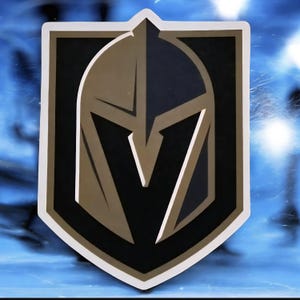 May include: A shield-shaped emblem featuring the logo of the Vegas Golden Knights hockey team. The logo is a stylized knight's helmet in gold and black, with a white border. The background is a blurred blue.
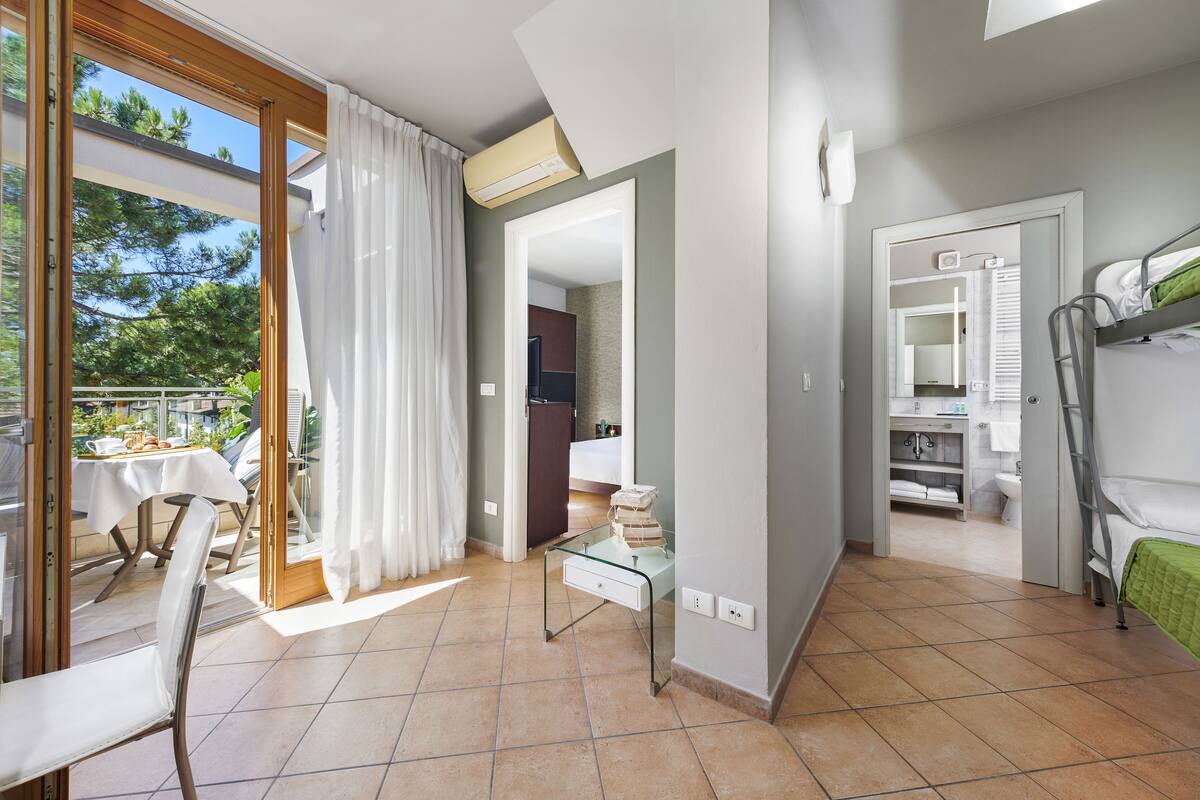 A hotel room with a balcony, a dining area, a bathroom, and a bed.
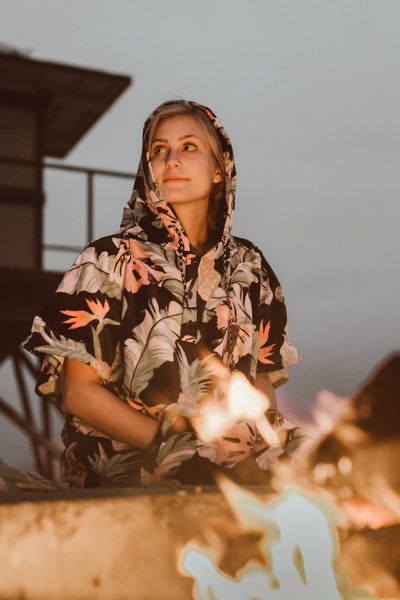 Women in sustainable poncho at bonfire located in Southern California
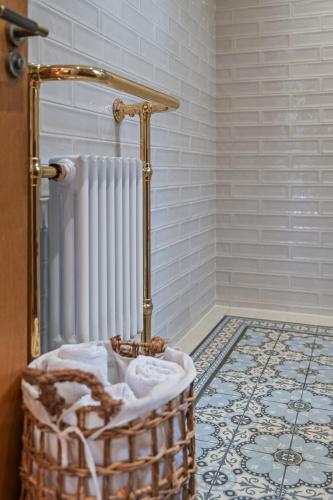 a bathroom with a radiator and a basket on the floor at 1 bed house in Hampshire in Chandlers Ford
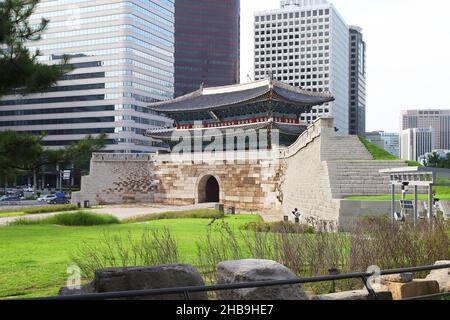 Namdaemun Gate oder Sungnyemun Gate zur blauen Stunde mit leichten Wegen von Fahrzeugen. Dieses historische Gebäude ist von hohen modernen Gebäuden umgeben. Stockfoto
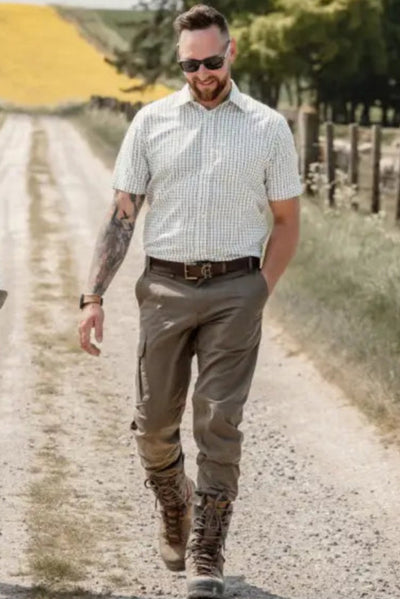 Couple walking on dirt road wearing New Forest Premium 100% Cotton Short Sleeve Shirt
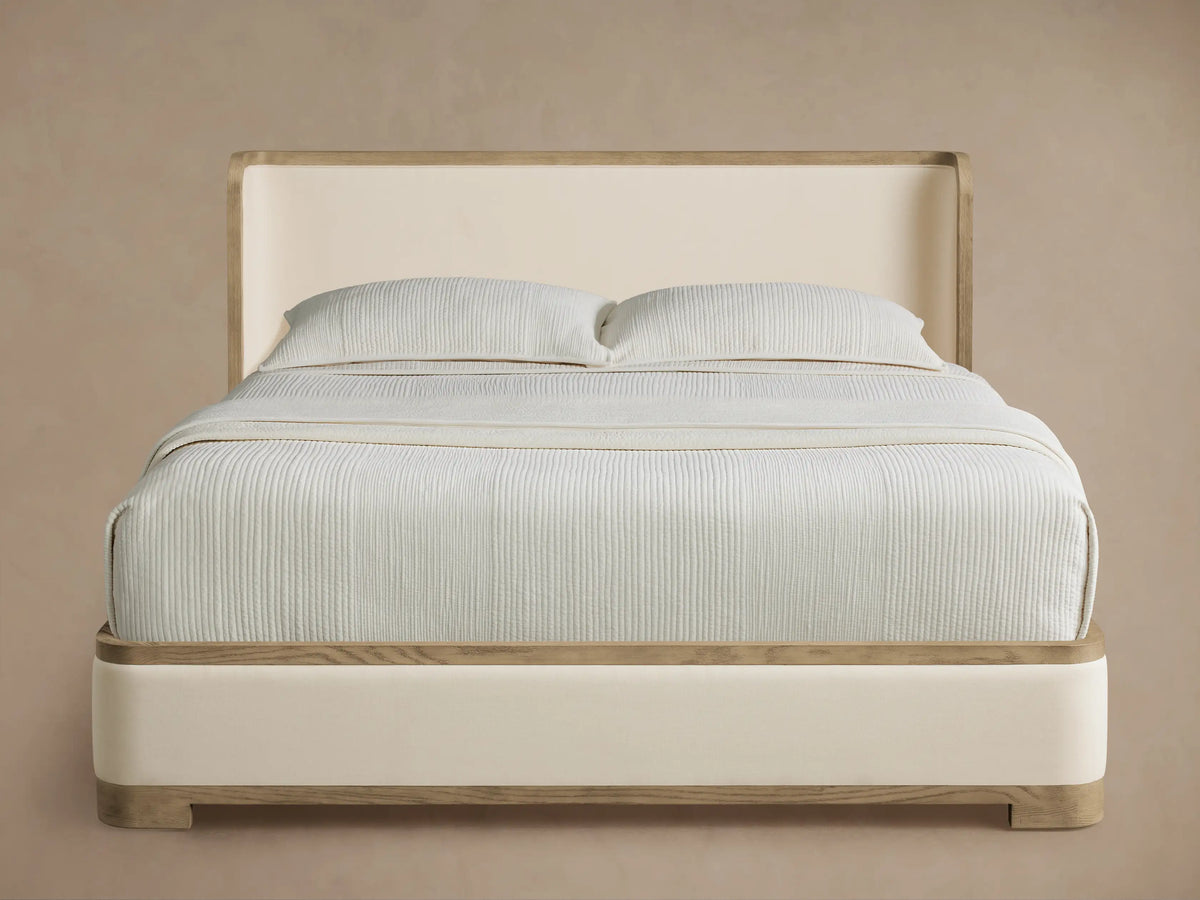 Darien Curved Shelter Bed with low footboard, cream upholstered panels, light oak wood trim, and a curved headboard.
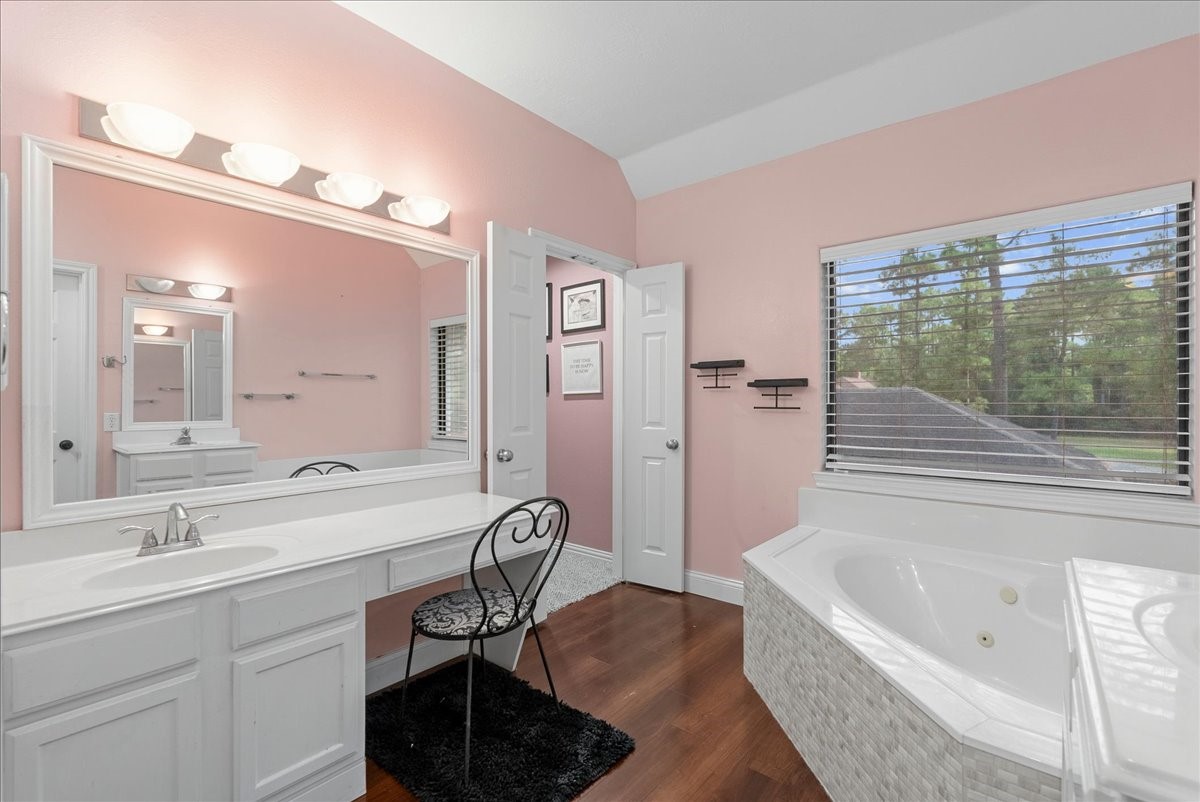 Charming upstairs primary bathroom featuring a spacious vanity with ample lighting, a cozy makeup area, elegant wood like flooring, and a relaxing corner bathtub by a bright window with scenic views.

**YOUR OBJECTIVE**:
Restate verbatim the lines that begin at the one holding "Namdaemun Gate oder" and end at the last line of the material. Exclude pictures.

**EXERCISE SOLUTION**:
 Namdaemun Gate oder Sungnyemun Gate zur blauen Stunde mit leichten Wegen von Fahrzeugen. Dieses historische Gebäude ist von hohen modernen Gebäuden umgeben. Stockfoto
 Couple walking on dirt road wearing New Forest Premium 100% Cotton Short Sleeve Shirt
 Darien Curved Shelter Bed with low footboard, cream upholstered panels, light oak wood trim, and a curved headboard.
 Charming upstairs primary bathroom featuring a spacious vanity with ample lighting, a cozy makeup area, elegant wood like flooring, and a relaxing corner bathtub by a bright window with scenic views.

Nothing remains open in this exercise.